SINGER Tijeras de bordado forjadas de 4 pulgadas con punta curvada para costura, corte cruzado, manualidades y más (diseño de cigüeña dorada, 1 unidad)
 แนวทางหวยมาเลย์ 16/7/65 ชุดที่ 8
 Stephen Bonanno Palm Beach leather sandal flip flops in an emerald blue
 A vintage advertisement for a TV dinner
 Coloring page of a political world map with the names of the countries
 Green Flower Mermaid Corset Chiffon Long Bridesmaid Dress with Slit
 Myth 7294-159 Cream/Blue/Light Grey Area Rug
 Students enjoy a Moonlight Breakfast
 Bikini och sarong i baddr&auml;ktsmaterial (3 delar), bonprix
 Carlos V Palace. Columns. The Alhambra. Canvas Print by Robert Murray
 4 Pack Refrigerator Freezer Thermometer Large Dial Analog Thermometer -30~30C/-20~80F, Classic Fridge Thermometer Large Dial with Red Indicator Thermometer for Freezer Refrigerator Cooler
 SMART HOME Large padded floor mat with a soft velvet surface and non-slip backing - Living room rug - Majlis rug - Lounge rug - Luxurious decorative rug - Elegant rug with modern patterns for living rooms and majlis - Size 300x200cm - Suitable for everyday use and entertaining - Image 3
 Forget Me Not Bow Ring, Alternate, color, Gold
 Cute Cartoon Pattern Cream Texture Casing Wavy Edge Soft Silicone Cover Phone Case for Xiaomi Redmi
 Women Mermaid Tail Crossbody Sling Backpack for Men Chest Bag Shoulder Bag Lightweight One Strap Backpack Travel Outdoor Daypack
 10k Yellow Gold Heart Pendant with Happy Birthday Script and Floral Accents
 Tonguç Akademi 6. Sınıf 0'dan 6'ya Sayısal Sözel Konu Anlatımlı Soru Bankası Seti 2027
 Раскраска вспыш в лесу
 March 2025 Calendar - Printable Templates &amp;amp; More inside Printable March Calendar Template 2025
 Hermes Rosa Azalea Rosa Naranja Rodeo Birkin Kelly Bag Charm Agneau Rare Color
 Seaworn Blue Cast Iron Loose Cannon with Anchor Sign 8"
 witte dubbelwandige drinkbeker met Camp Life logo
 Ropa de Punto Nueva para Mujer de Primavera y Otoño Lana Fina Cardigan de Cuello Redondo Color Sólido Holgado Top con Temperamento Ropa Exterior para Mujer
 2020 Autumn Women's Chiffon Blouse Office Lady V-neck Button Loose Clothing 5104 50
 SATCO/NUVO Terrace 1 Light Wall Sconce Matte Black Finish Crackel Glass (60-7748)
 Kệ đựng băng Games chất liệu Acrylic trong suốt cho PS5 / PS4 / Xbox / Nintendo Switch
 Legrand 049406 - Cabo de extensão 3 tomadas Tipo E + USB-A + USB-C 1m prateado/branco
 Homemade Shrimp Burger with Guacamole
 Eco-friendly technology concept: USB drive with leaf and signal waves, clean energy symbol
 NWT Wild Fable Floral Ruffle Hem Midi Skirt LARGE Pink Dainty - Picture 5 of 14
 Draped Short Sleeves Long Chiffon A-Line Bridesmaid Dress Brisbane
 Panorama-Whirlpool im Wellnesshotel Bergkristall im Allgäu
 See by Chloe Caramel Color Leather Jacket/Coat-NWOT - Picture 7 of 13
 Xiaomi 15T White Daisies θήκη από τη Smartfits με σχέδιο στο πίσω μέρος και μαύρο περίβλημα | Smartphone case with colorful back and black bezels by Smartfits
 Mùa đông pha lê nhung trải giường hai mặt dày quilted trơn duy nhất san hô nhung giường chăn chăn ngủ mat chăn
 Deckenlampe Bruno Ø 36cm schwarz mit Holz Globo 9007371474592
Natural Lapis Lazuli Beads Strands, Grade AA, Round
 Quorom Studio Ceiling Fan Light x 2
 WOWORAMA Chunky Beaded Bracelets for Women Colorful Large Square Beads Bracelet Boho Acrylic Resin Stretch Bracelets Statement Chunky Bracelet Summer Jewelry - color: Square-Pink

# Your task
Restate word for word the entries above from the line with "10k Yellow Gold" through the line with "Draped Short Sleeves", inclusive, leaving out everything else.

# Exercise answer
 10k Yellow Gold Heart Pendant with Happy Birthday Script and Floral Accents
 Tonguç Akademi 6. Sınıf 0'dan 6'ya Sayısal Sözel Konu Anlatımlı Soru Bankası Seti 2027
 Раскраска вспыш в лесу
 March 2025 Calendar - Printable Templates &amp;amp; More inside Printable March Calendar Template 2025
 Hermes Rosa Azalea Rosa Naranja Rodeo Birkin Kelly Bag Charm Agneau Rare Color
 Seaworn Blue Cast Iron Loose Cannon with Anchor Sign 8"
 witte dubbelwandige drinkbeker met Camp Life logo
 Ropa de Punto Nueva para Mujer de Primavera y Otoño Lana Fina Cardigan de Cuello Redondo Color Sólido Holgado Top con Temperamento Ropa Exterior para Mujer
 2020 Autumn Women's Chiffon Blouse Office Lady V-neck Button Loose Clothing 5104 50
 SATCO/NUVO Terrace 1 Light Wall Sconce Matte Black Finish Crackel Glass (60-7748)
 Kệ đựng băng Games chất liệu Acrylic trong suốt cho PS5 / PS4 / Xbox / Nintendo Switch
 Legrand 049406 - Cabo de extensão 3 tomadas Tipo E + USB-A + USB-C 1m prateado/branco
 Homemade Shrimp Burger with Guacamole
 Eco-friendly technology concept: USB drive with leaf and signal waves, clean energy symbol
 NWT Wild Fable Floral Ruffle Hem Midi Skirt LARGE Pink Dainty - Picture 5 of 14
 Draped Short Sleeves Long Chiffon A-Line Bridesmaid Dress Brisbane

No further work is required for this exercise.